Description of the drawings

Figures 1A, 1 B and 1C are schematic diagrams showing a known HMD.

Figures 2A and 2B are diagrams showing an HMD comprising an improved optical display system. Figure 3 shows a schematic diagram of an example intermediate reflective element.

Figure 4 shows schematic diagrams of various alternative example intermediate reflective elements. Figure 5 shows a perspective view of an example intermediate reflective element comprising triangular microstructures.

Figure 6 shows an enlarged face-on view of an example intermediate reflective element.

Figure 7 is a schematic diagram which shows the operation of an example intermediate reflective element comprising triangular microstructures.

Figures 8 and 9 shows schematic diagrams of different optical arrangements resulting in different overlaps of fields of view.

Figure 10 shows an FIMD comprising an improved optical display system and a vision enhancement system. Detailed description

Described herein is an improved optical display system for a head or helmet mounted display (FIMD). As described below, this improved optical display system may, in various examples, be coupled with a vision enhancement system, e.g. the vision enhancement system may be attached to the optical display system or the optical display system may include the coupled vision enhancement system as an integral part.

In various examples, the vision enhancement system may provide separate (or independent) enhancement for each eye, e.g. a vision enhancement system that comprises a dedicated sensor for each eye to provide enhanced binocular vision.

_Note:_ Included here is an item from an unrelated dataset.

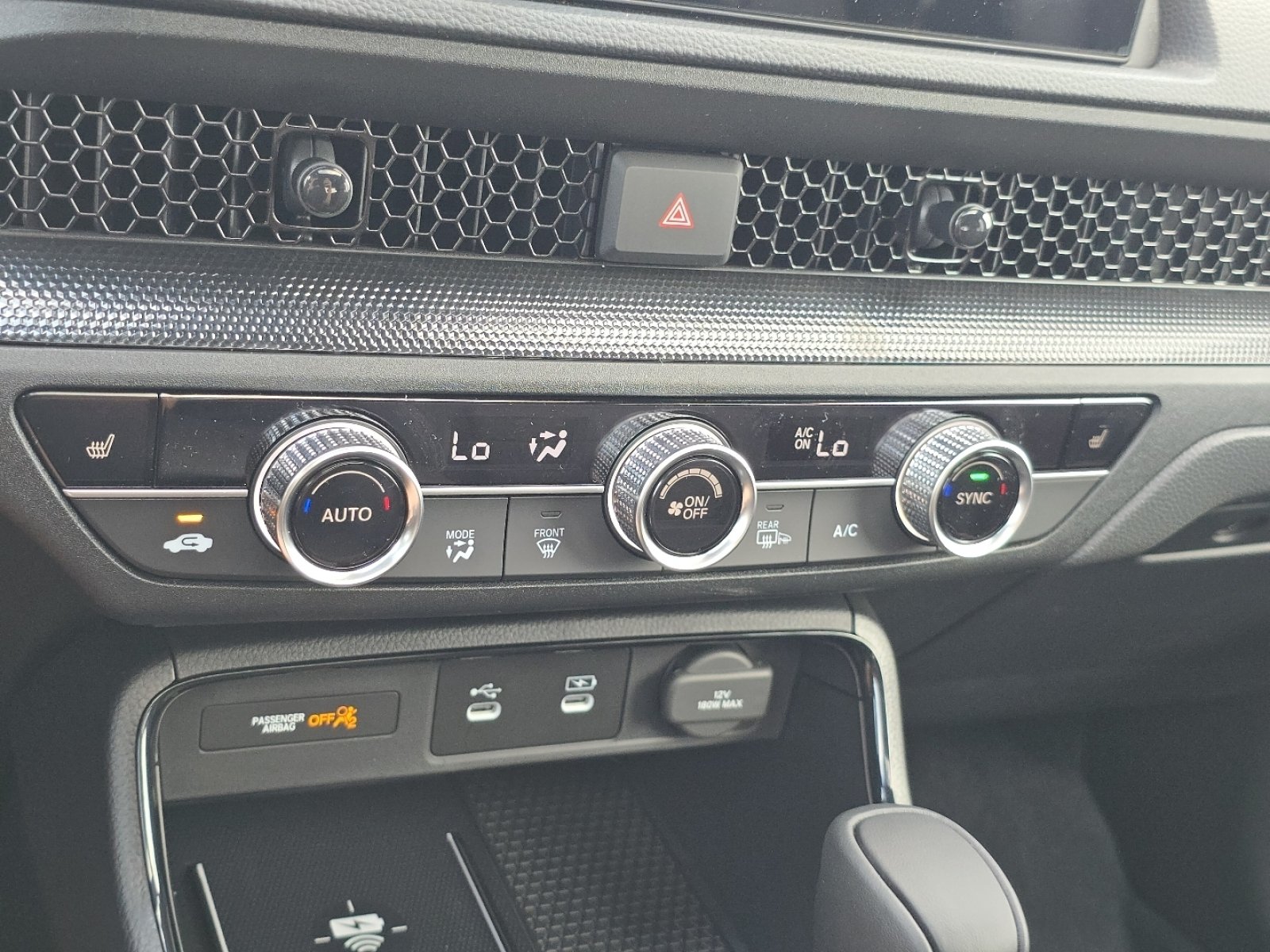 New 2026 Honda CR-V Sport-L image 36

For example, such FIMDs could be used by pilots of aircrafts for improving their vision of the external environment, particularly, but not exclusively for enhancing night vision. A pilot is thus enabled to see both the FIMD images and the external environment outside the aircraft, even in low or non-existent external lightning conditions. As with all optical devices, it is important to ensure that the user receives the correct images. This is necessary to ensure that the information received by the user is correct and to mitigate any unpleasant optical effects that may cause eye fatigue or strain. This is particularly the case for any configurations of HMD that provide a binocular image to a user, such as shown in the example of Figure 1 A.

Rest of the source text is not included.